Update docs with sync batching changes

vonnieda · vonnieda · commit 46405fdb046f · 2025-08-06T17:41:54.000-05:00
diff --git a/TODO.md b/TODO.md
@@ -6,6 +6,3 @@ No particular order yet, just dumping notes here.
 we always just perform a merge? So it's Entity -> save() -> changelog -> tables.
 This would ensure the changes are always handled in the same exact way whether
 it's sync or save.
-
-- I think it might ultimately be better after all to use manifest files, instead
-of list. See https://www.backblaze.com/cloud-storage/transaction-pricing
diff --git a/docs/SYNC_ENGINE.md b/docs/SYNC_ENGINE.md
@@ -10,6 +10,15 @@ providing a global order across all replicas.
 are not on the remote, and pulls any that are on the remote and not local.
 5. After a sync, any new local changelogs are merged into the entity tables.
 
+## Changelog Abstraction
+
+The sync engine uses a `Changelog` trait that provides a unified interface for change tracking.
+There are multiple implementations:
+
+- **DbChangelog**: Reads/writes changes directly from/to the database tables
+- **BasicStorageChangelog**: Simple storage-based changelog (one file per change)
+- **BatchingStorageChangelog**: Optimized implementation that batches changes for efficiency
+
 ## Conflict Resolution
 
 The Sync Engine treats the database tables as grow only lists and the columns
@@ -18,23 +27,52 @@ be handled at the user level with tombstones.
 
 # Sync Storage
 
-Each replica stores one or more change files in the storage.
+The sync engine supports multiple storage implementations through the `SyncStorage` trait:
+- S3 and S3-compatible storage (primary target)
+- Local filesystem storage
+- In-memory storage (for testing)
+- Encrypted storage wrapper using age encryption
 
-Each change file contains a `RemoteChangeRecord` which combines:
+## Storage Formats
+
+### Basic Storage Format
+Each change is stored as an individual file containing a `RemoteChangeRecord` which combines:
 - One record from the ZV_CHANGE table (change metadata)

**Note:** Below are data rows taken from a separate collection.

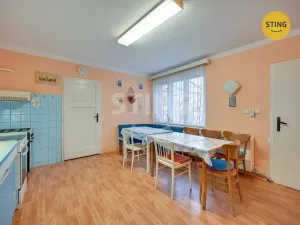 Prodej rodinného domu, Dolní Bojanovice, Kyjovská, 57 m2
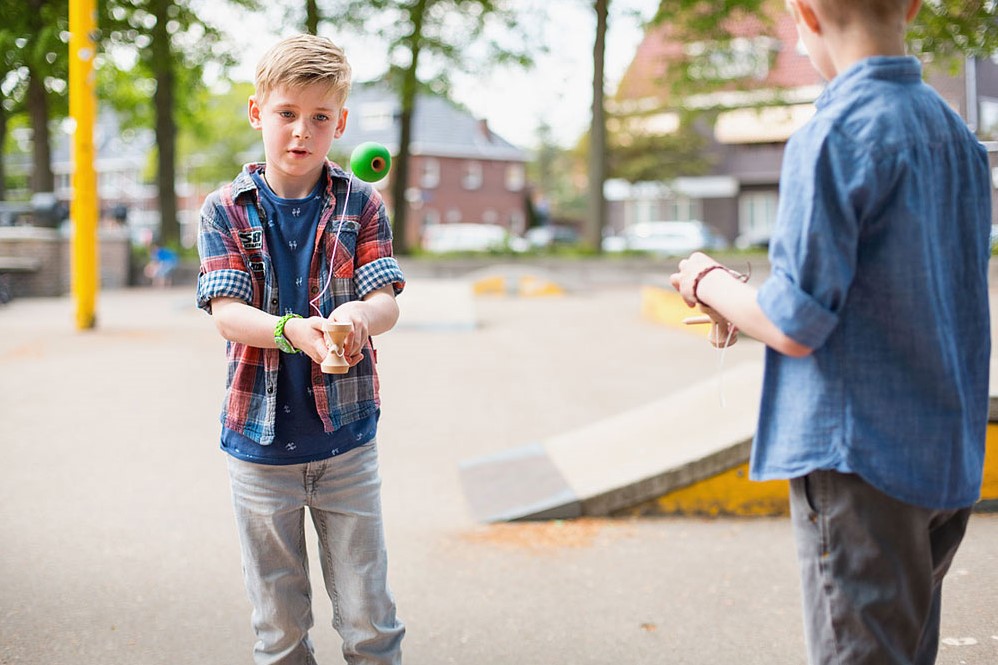 Geruïneerd Gedateerd Bangladesh Kendama - kopen bij Spellenrijk.nl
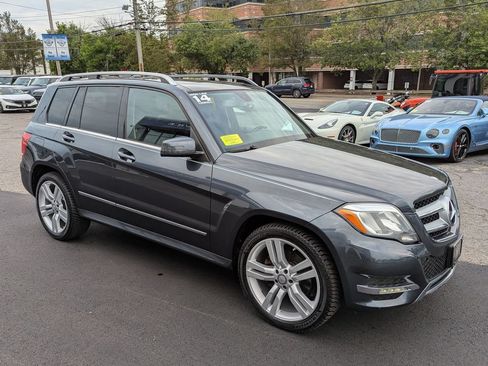 Used 2014 Mercedes-Benz GLK 350 4MATIC image 5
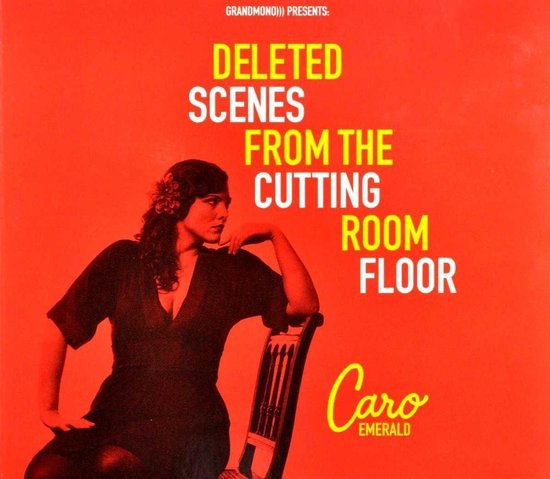Caro Emerald Deleted Scenes From The Cutting Floor 2LP - Coloured Vinyl-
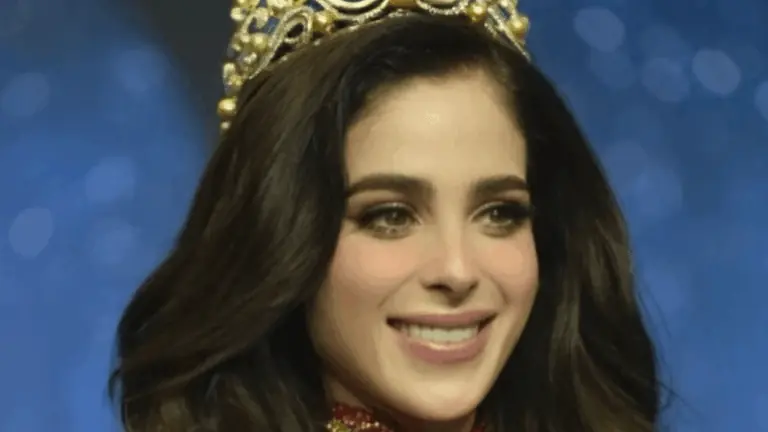 Quem é Fatima Bosch e de onde é a Miss Universo de 2025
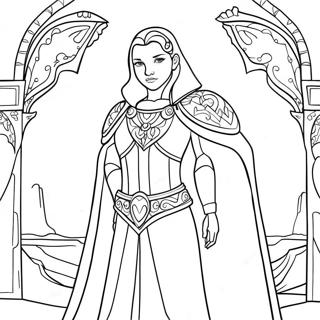 Gambar Mewarnai Nimona 125668-59563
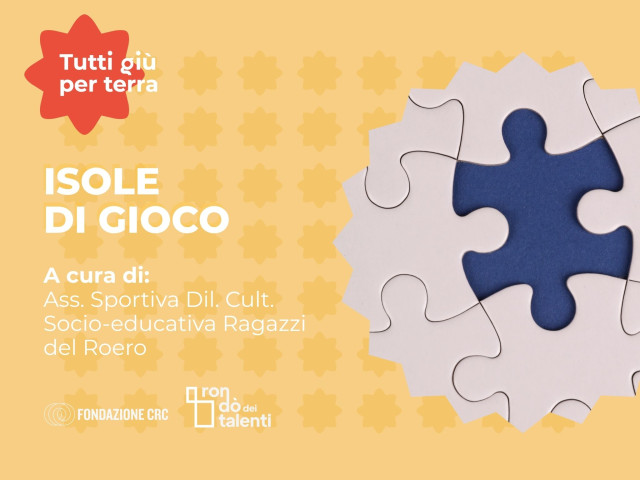 isole di gioco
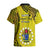 27 October Aitutaki Island Gospel Day Hawaiian Shirt Cook Islands Tribal Pattern LT14 - Polynesian Pride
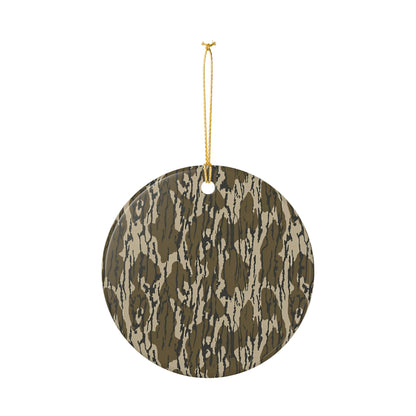 Ceramic Ornament – Mossy Oak x Ella Blue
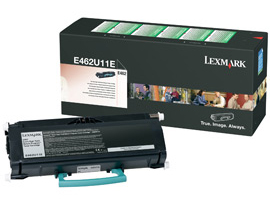 Тонер-картридж Lexmark E462U11E
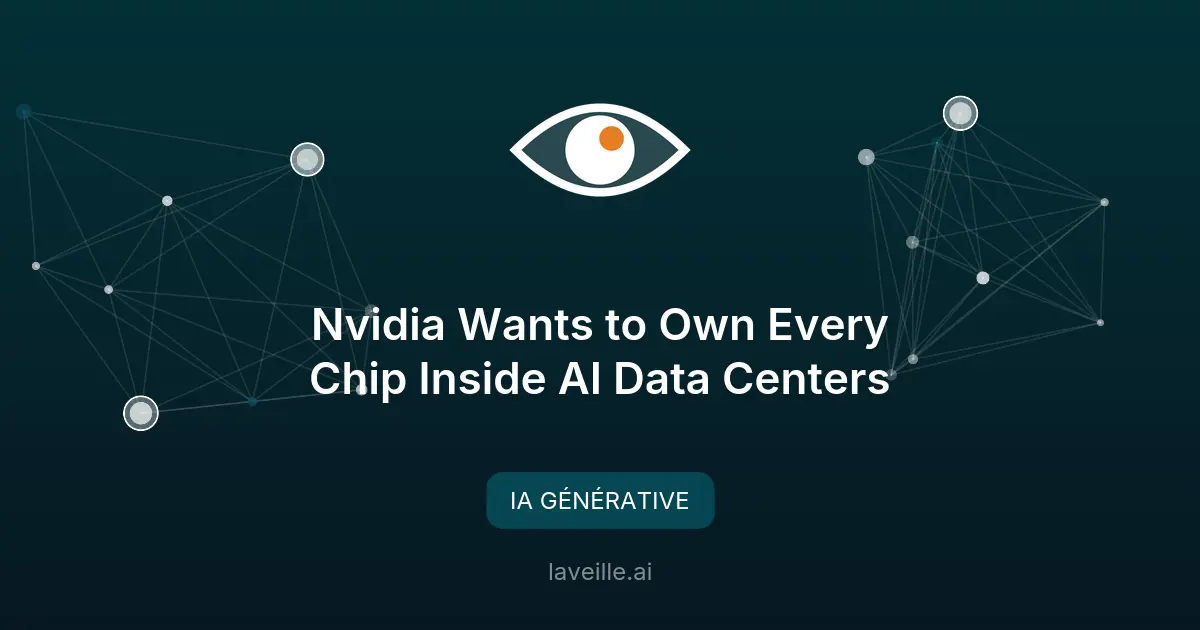 Nvidia Vera Rubin : révolution des puces pour l'IA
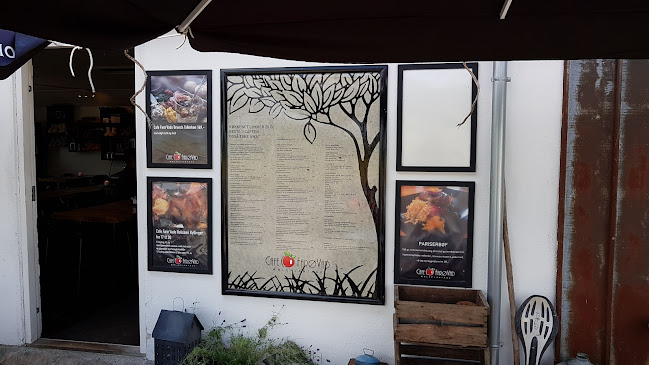 Cafe Farø Vad Æbleplantage - Gastronomi og hotelvirksomhed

 - Associated records from ZV_CHANGE_FIELD table (individual field changes)
 
+### Batching Storage Format (Optimized)
+To improve sync performance and reduce memory usage for large datasets, the `BatchingStorageChangelog`
+implementation groups changes into batches:
+
+- **Manifests**: Map change IDs to batch IDs (one per author)
+- **Batches**: Contain the actual change data (limited to 100MB per batch)
+- Automatically splits large sync operations into manageable chunks
+- Prevents memory exhaustion when syncing large datasets
+
 
 ## Directory Structure
 
+### Basic Storage Layout
 ```
-s3://endpoint/bucket/base_path/ or
-file://base_path or
-memory://base_path
+storage_root/
 └── changes/
-	└── {change_uuid}.msgpack
+    └── {change_uuid}.msgpack
 ```
 
+### Batching Storage Layout
+```
+storage_root/
+├── manifests/         # Maps change IDs to batch IDs
+│   └── {author_id}.msgpack
+└── batches/           # Contains batched change data
+    └── {batch_uuid}.msgpack
+```
+
+Storage paths support multiple protocols:
+- `s3://endpoint/bucket/base_path/`
+- `file://base_path/`
+- `memory://base_path/`
+
 
 # Sync Schema
 
@@ -68,7 +106,7 @@ CREATE TABLE IF NOT EXISTS ZV_CHANGE_FIELD (
 
 ## Data Structures
 
-### Change File Format
+### Basic Change File Format
 
 Stored in `changes/{change_uuid}.msgpack` using MessagePack binary format:
 
@@ -98,3 +136,34 @@ Stored in `changes/{change_uuid}.msgpack` using MessagePack binary format:
   ]
 }
 ```
+
+### Batching Format Structures
+
+**Manifest File** (`manifests/{author_id}.msgpack`):
+Maps change IDs to their corresponding batch IDs:
+```json
+{
+  "change-001": "batch-uuid-1",
+  "change-002": "batch-uuid-1",
+  "change-003": "batch-uuid-2",
+  ...
+}
+```
+
+**Batch File** (`batches/{batch_uuid}.msgpack`):
+Contains an array of changes (same format as basic change files):
+```json
+[
+  {
+    "change": { ... },
+    "fields": [ ... ]
+  },
+  {
+    "change": { ... },
+    "fields": [ ... ]
+  },
+  ...
+]
+```
+
+Batches are automatically split when they exceed 100MB to prevent memory issues during sync operations.